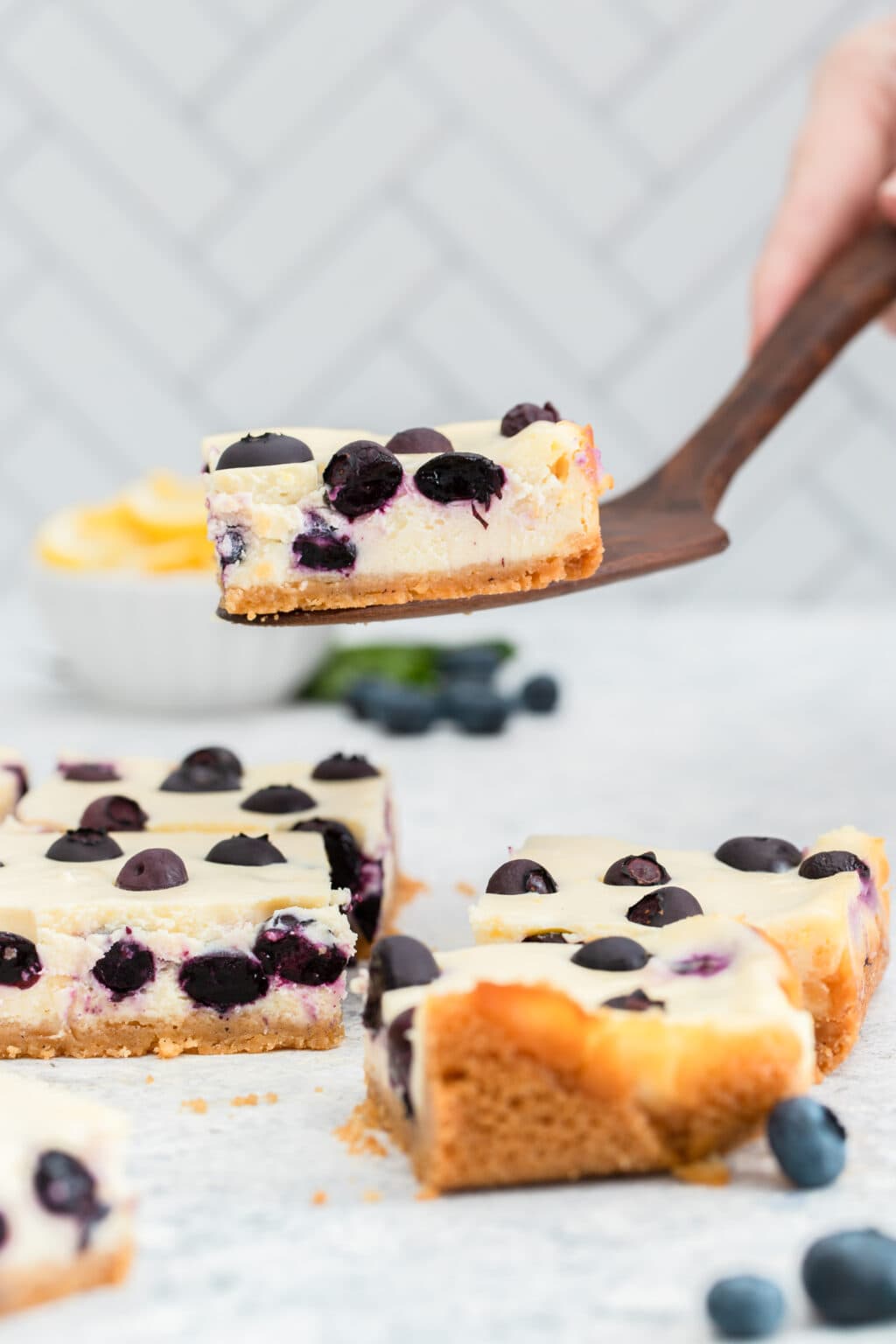 lemon blueberry cheesecake bar on a spatula 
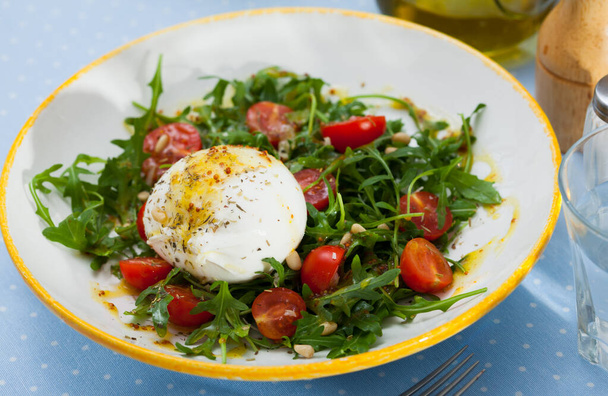 Close up of salad with burrata cheese, pine nuts, cherry tomatoes and arugula with spice at plate - Φωτογραφία, εικόνα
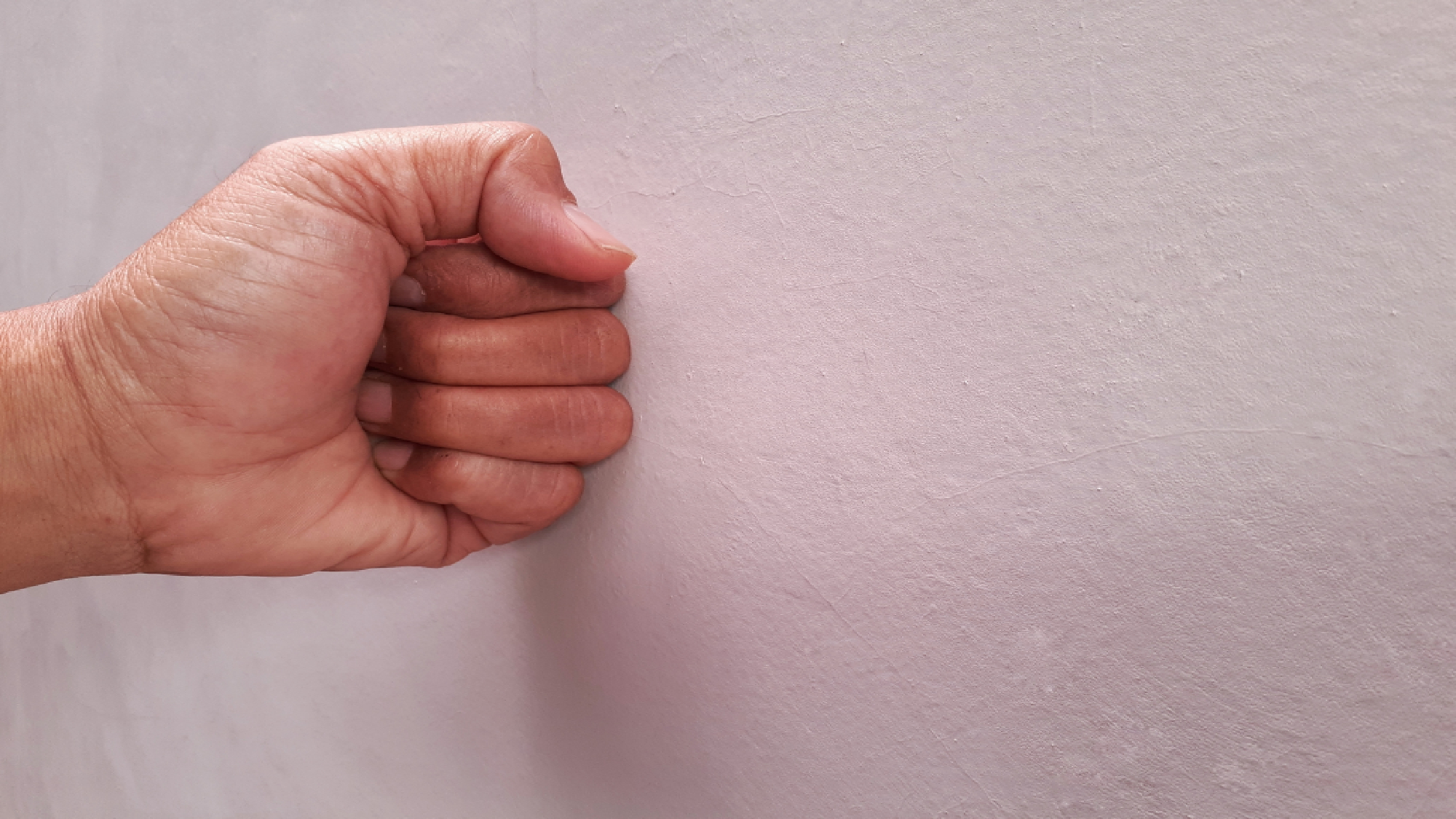 Knocking on wall to check for studs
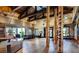 Inviting lounge area with comfortable seating, wooden beam architecture, and ample lighting at 10300 Stroma Ave, Las Vegas, NV 89166
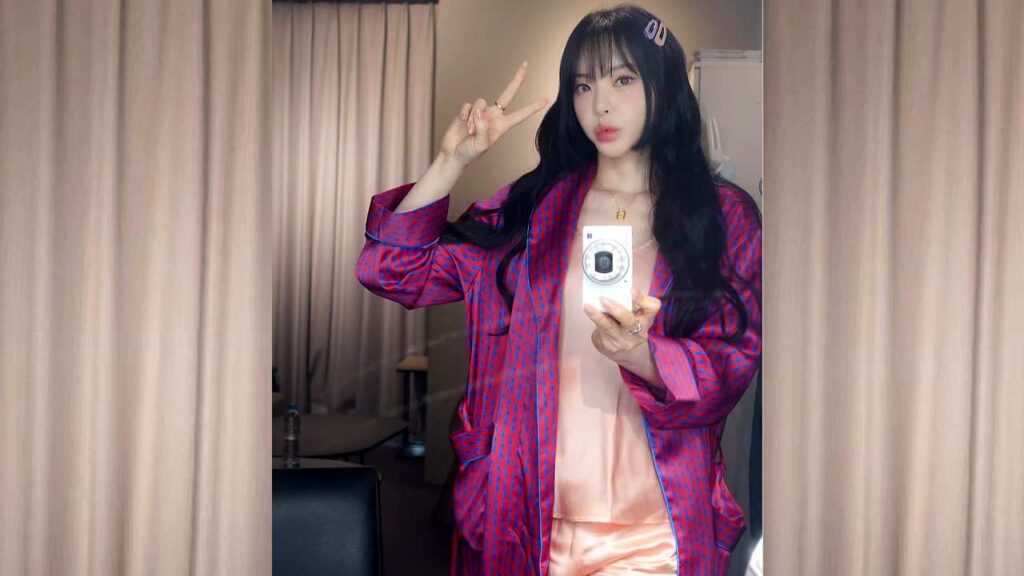 Seo Yu-ri poses in a mirror, flashing a peace sign while holding a white camera, wearing pink satin and a purple robe.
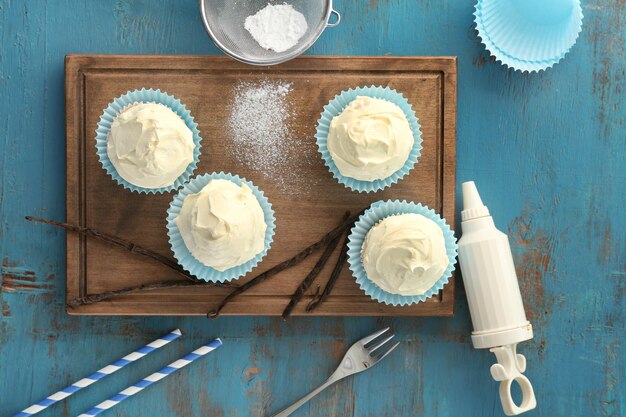 Sabrosos cupcakes de vainilla sobre tabla de madera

= = = = =

— What you should do —
After removing the pictures, repeat the remaining records exactly.

— Exercise output —
 lemon blueberry cheesecake bar on a spatula 
 Close up of salad with burrata cheese, pine nuts, cherry tomatoes and arugula with spice at plate - Φωτογραφία, εικόνα
 Knocking on wall to check for studs
 Inviting lounge area with comfortable seating, wooden beam architecture, and ample lighting at 10300 Stroma Ave, Las Vegas, NV 89166
 Seo Yu-ri poses in a mirror, flashing a peace sign while holding a white camera, wearing pink satin and a purple robe.
 Sabrosos cupcakes de vainilla sobre tabla de madera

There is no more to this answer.